Right, so it's 2017.
Jeremy Corbyn, a man the British press had spent two years portraying as a one-man bearded apocalypse with an allotment, goes out and gets 40% of the vote, the biggest increase in Labour's vote share since 1945. Strong and stable Theresa May (who had called the election specifically to crush him) loses her majority and has to go and find some Northern Irish lads to prop her up, which cost £1 billion and the last remaining shred of her dignity.
Now, you or I watching this might think: *hm. Perhaps Corbyn’s policies have some popular appeal.* Morgan McSweeney watched this and thought: *this is a five-alarm emergency and I need to join a thinktank about unity.*
The thinktank was called Labour Together. Its public purpose (stated, printed, discussed at many a very sincere roundtable) was bringing the warring factions of the Labour Party into productive dialogue. Healing the wounds. Building bridges. All of that. Very moving stuff, I'm sure the biscuits were excellent.
McSweeney called his *actual* plan (the secret one, involving undeclared donor money and the systematic destruction of the Labour left) ..
... Operation Red Shield.
Yes, really. The shield. In the name. He called the deception after the deception. Nice.
I've spent some time thinking about this and I can only conclude that either he has a very specific sense of humour, or he'd had a bang on the head, or (and I think this is most likely) he was so confident nobody would ever find out that he just couldn't be bothered to be subtle about it, which is a level of arrogance that deserves, at minimum, a small plaque.
So. Undeclared donations (illegal, that bit, worth mentioning) from millionaire pro-Israel donors with connections to New Labour.
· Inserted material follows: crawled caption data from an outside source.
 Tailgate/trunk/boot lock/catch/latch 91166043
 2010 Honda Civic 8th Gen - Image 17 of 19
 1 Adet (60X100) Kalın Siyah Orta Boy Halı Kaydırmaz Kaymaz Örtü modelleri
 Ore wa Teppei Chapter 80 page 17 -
Extensive secret polling of Labour members. All of it used to identify and cultivate a leadership candidate who could win the membership's trust, because McSweeney understood, correctly, that you need to speak their language to get through the door.
He chose Keir Starmer.
Starmer duly campaigned as a left-wing eco-socialist, defender of immigrants, challenger of corporate power, faithful inheritor of the Corbyn tradition. Ten pledges. Very specific. Written down and everything.
Within weeks of taking power he cut pensioners' heating allowances.
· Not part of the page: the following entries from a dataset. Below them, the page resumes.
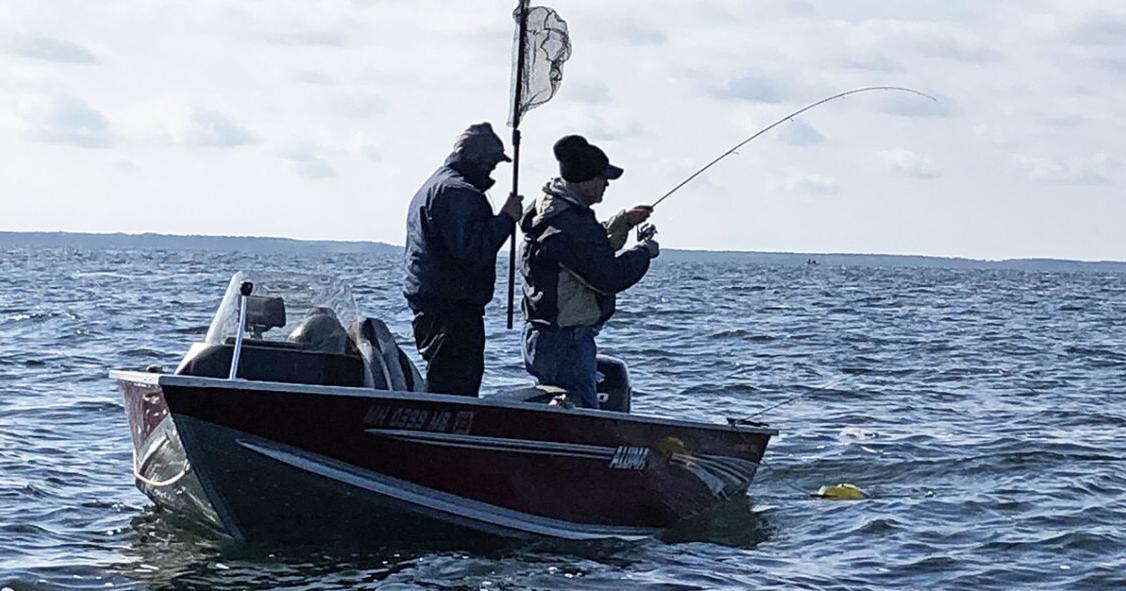 DNR says Mille Lacs fishery is in great shape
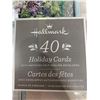 Image 2 : Lot of Hallmark Holiday Cards with Matching Self Sealing Envelopes (40ct)
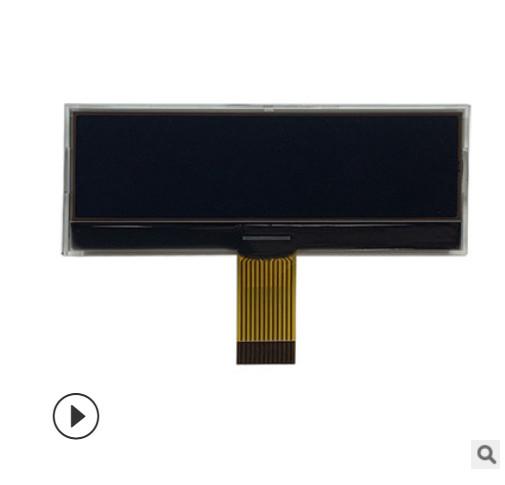 Quality COG 240160 240x160 Monochrome Graphic Lcd Display With Parallel Interface for sale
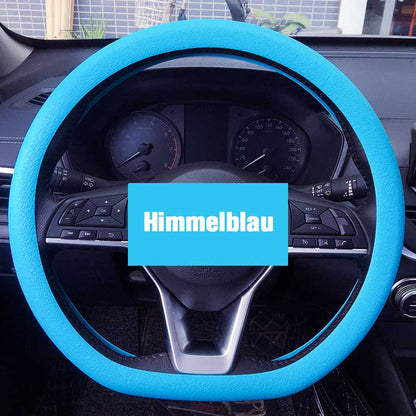 Premium Grip Car Steering Wheel Wrap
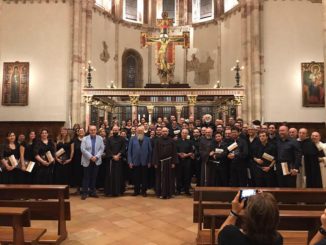 Cantemus Domino 2018 a Santa Maria degli Angeli, dal 9 al 14 luglio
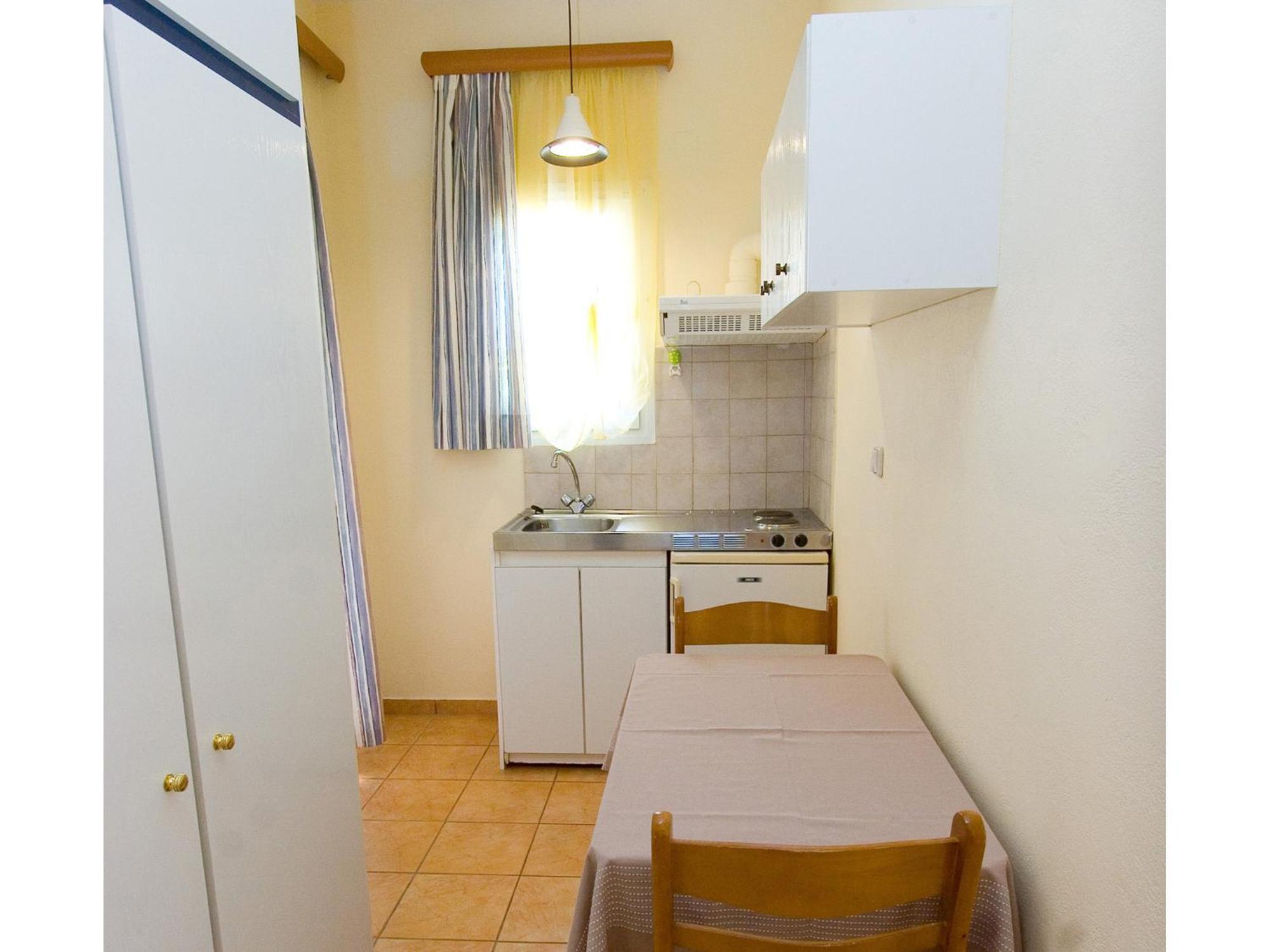 Aparthotel G. Kiapekou Loutra Edipsou  Habitación foto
Now at this point a reasonable person might say, surely they must have had some kind of moderating influence? Some elder statesman in the background providing wisdom and ballast?
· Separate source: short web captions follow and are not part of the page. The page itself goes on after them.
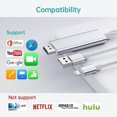 thumbnail image 2 of Projection cable - silver, 2 of 5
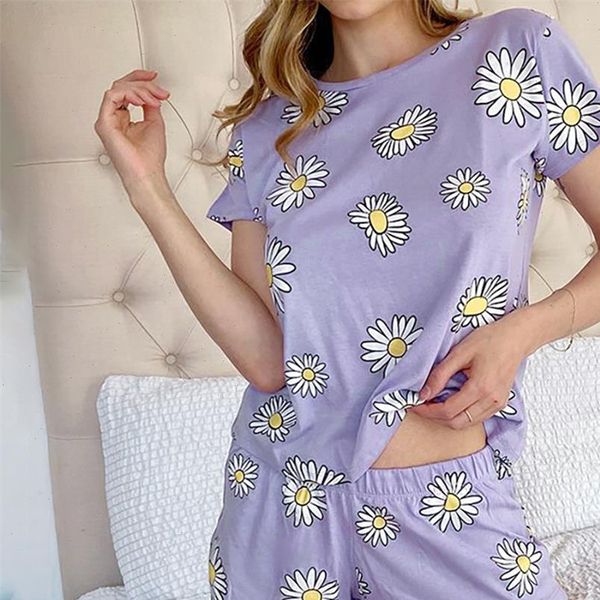 pijamas pajama set cute flower womens sleepwears print home suit o neck pyjama woman femme sleepwear cotton t shirts amp, Black;red
pijamas pajama set cute flower womens sleepwears print home suit o neck pyjama woman femme sleepwear cotton t shirts amp, Black;red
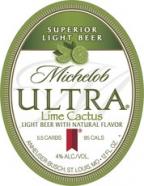 Michelob - Ultra Lime Cactus 12pk Cans (12)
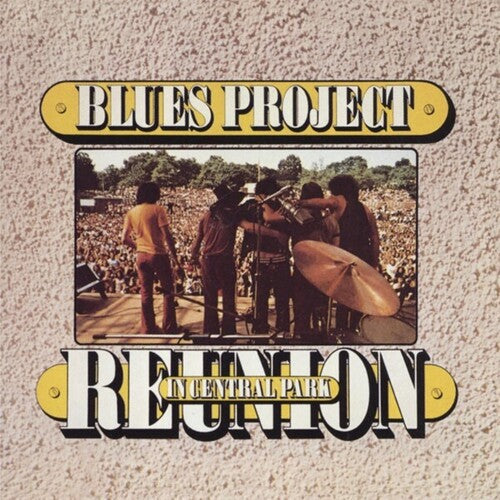 Blues Project - Reunion In Central Park 8.29 - Music CD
Yes. They had Peter Mandelson.
Mandelson, whose friendship with Jeffrey Epstein (who called him "Petey" .. please fetch me a sick bag) was not - and I want to be precise here - a closely guarded secret at the time of his appointment as US Ambassador. It was not, to borrow from Douglas Adams, buried in a filing cabinet in a basement in a disused toilet with a sign on the door saying "beware of the leopard". It was available for reading by people with access to *the internet*.
They appointed him anyway.
The people deemed too dangerous to govern, too radical, too risky, too friendly with the wrong sorts, were replaced by people who broke electoral law, secretly inflamed the antisemitism crisis to destroy their own leader, won power on promises they'd quietly binned before the ink was dry, and then, surveying the landscape of available talent, pointed at the man with the documented Epstein problem and said: *him. He's our safe pair of hands.*
Meanwhile Corbyn, the threat to civilisation, grows vegetables and makes jam.
The moral is right there, wearing a hat, waving at you from across the street. You can see it from your house.